SCHOENBERG: Pelleas und Melisande. Erwartung* / *Sara Jakubiak, sop; Bergen Philharmonic Orch.; Edward Gardner, cond / Chandos CHSA-5198
I’ve often said that a lot of “modern” music doesn’t really allow much leeway in interpretation because its creators were very specific in exactly what tempi, phrasing and dynamics they wanted in their scores, but this doesn’t always apply to that late Romantic music that bordered on the modern. In the French school, you have Debussy and Ravel; in the Russian, Scriabin; and in the German, Mahler and Schoenberg, who was in part strongly influenced by Mahler, particularly in his earlier years.
And although Erwartung is, like the second half of Gurre-lieder, a work right on the hot edge of modernism, it too has developed a performance tradition, but this is clearly truer of his very Romantic Pelleas und Melisande.
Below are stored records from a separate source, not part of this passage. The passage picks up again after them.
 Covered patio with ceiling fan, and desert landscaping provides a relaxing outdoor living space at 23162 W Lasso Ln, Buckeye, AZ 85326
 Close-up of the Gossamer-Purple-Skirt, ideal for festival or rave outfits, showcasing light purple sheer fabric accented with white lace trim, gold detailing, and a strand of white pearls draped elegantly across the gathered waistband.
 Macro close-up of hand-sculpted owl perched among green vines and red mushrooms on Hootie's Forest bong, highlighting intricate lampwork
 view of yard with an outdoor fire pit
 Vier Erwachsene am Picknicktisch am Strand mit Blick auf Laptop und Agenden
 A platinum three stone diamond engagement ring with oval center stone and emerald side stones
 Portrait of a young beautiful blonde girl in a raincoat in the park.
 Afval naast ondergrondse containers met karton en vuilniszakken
Most interpreters follow the lead of the great, late Robert Craft, giving it a passionate but fairly stoic reading, but in this new recording British conductor Edward Gardner clearly ties it to the late tone poems of Richard Strauss, and perhaps even a bit like Wagner. Legato phrases are played very legato, yet the powerful passages do not lack the proper impact.
But then, I’ve noticed this as a tendency among British conductors in general when approaching the music of serial composers. Jeffrey Tate did much the same thing with Berg’s Lulu, and in that case I liked his approach very much because he made the score sound more like music that had a connective flow rather than a score that emerged in what, for lack of a better term, I would describe as “broken steps,” and it helped to bind the scenes and acts together in a remarkable manner. Thus it is not necessarily a bad thing, just very different from what we are used to hearing. With that being said, I still prefer the recordings of this work by Craft and Michael Gielen. Gielen plays this piece with a bit more sweep than Craft, but not quite as Romantically phrased as this one.
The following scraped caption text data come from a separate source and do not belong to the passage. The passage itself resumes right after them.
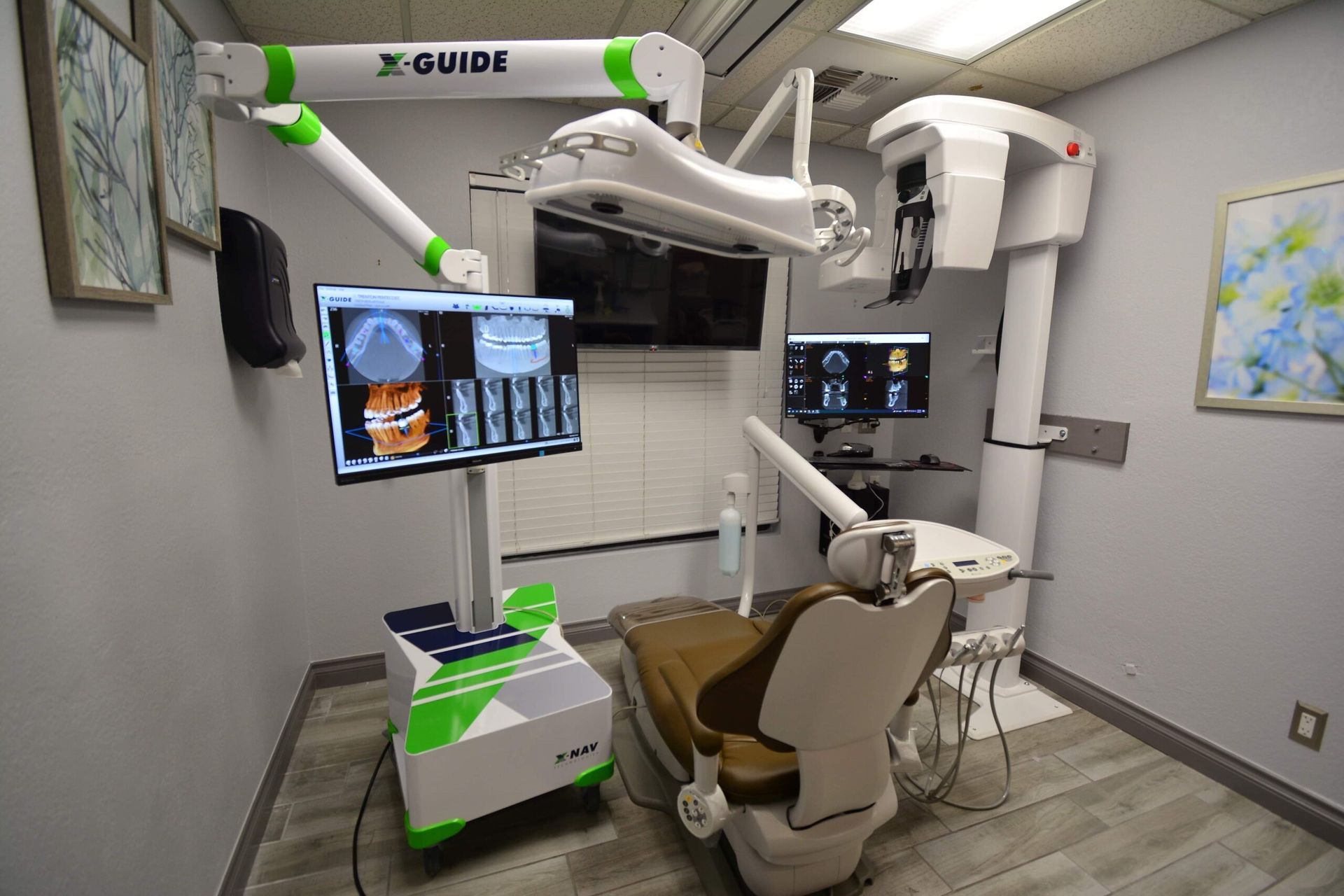 Dental office interior with X-Guide technology, chair, monitors displaying scans. Gray walls, green accents.
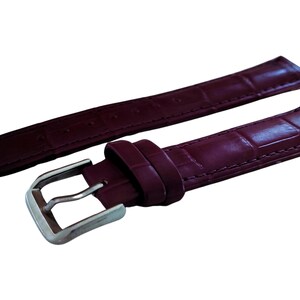 K&ouml;nnte beinhalten: Ein burgunderfarbenes Lederarmband mit einer silberfarbenen Schnalle. Das Armband hat ein strukturiertes, krokodilartiges Muster. Das Uhrenarmband wird vor einem wei&szlig;en Hintergrund gezeigt.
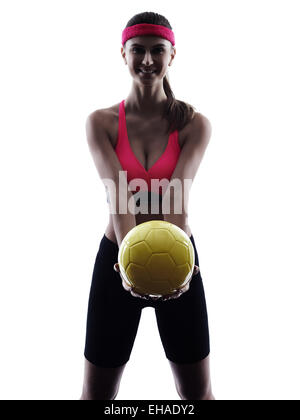 Une femme beach volley ball player silhouette en silhouette studio isolé sur fond blanc Banque D'Images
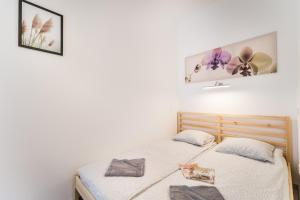ブダペストにあるFleur Créme Apartmentのベッドルーム1室(ベッド2台付)が備わります。壁に2枚の写真が飾られています。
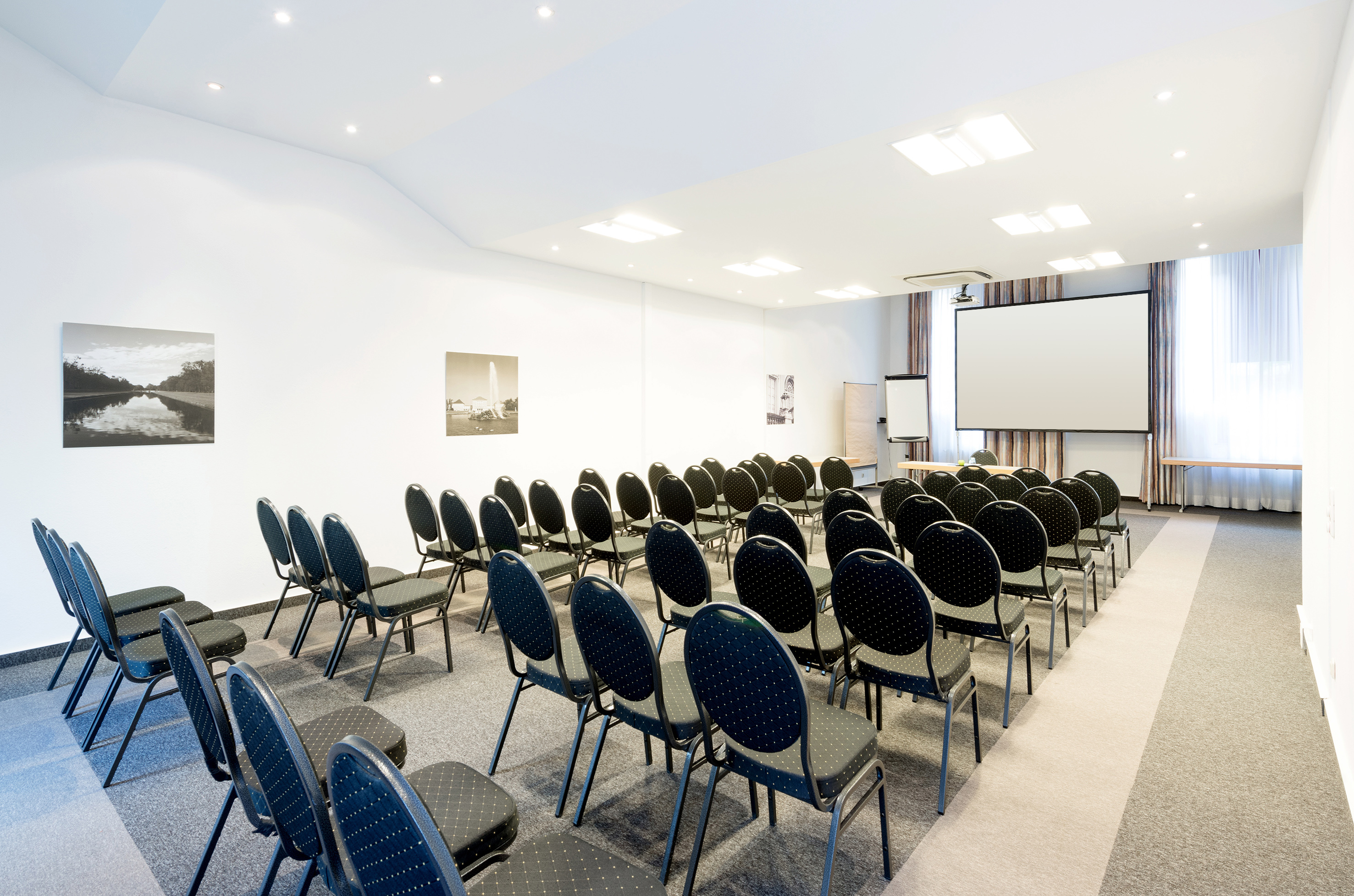 Modern conference room with rows of chairs and a large projection screen.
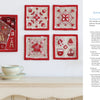 Five red and beige quilt squares inspired by Japanese quilting from "Kawaii Appliqué Quilts from Japan" by Schiffer Publishing, Ltd. hang above a white shelf with a pale green teacup; materials and project info are shown to the right.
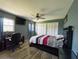 Guest bedroom with a workspace and double bed at 6336 Wooden St, New Port Richey, FL 34653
Gardner brings the same sensibilities to Erwartung, sung very prettily and with good interpretation by one Sara Jakubiak. She is a soprano with a lean, very bright timbre, good tonal focus and quite good diction. Hers is a performance very similar to the one that the great Magda Laszlo gave with Hermann Scherchen back in the 1950s. Although no one holds a candle to the late Jessye Norman’s recording with James Levine on Philips, this is still an exceptionally fine performance that keeps the listener riveted. In addition, Gardner here brings out some remarkable details in the orchestra, such as the low bassoon episode and other wind instruments. Although Norman is still my gold standard, I can easily rate this as the second-best digital recording of this challenging work.
So there’s my review. The choice is yours!